Exercise goal: Single out the lines of the material that contain "premium" and copy them.

Recorded information:
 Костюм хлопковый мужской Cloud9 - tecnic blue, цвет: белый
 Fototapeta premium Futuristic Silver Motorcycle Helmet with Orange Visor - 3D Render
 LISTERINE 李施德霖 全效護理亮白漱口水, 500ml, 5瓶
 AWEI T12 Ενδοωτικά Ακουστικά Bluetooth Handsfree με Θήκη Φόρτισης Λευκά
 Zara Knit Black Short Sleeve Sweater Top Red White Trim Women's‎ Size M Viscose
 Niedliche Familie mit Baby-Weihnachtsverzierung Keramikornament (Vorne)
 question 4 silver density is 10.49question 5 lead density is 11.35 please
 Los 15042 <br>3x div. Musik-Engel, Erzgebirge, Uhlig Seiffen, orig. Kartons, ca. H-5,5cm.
==
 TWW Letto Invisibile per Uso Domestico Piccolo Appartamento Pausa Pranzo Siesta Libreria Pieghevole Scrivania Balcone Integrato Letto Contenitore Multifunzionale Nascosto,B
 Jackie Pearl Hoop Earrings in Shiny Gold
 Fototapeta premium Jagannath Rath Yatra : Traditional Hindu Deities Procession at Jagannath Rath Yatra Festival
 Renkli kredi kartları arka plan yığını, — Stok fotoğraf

Task response:
 Fototapeta premium Futuristic Silver Motorcycle Helmet with Orange Visor - 3D Render
 Fototapeta premium Jagannath Rath Yatra : Traditional Hindu Deities Procession at Jagannath Rath Yatra Festival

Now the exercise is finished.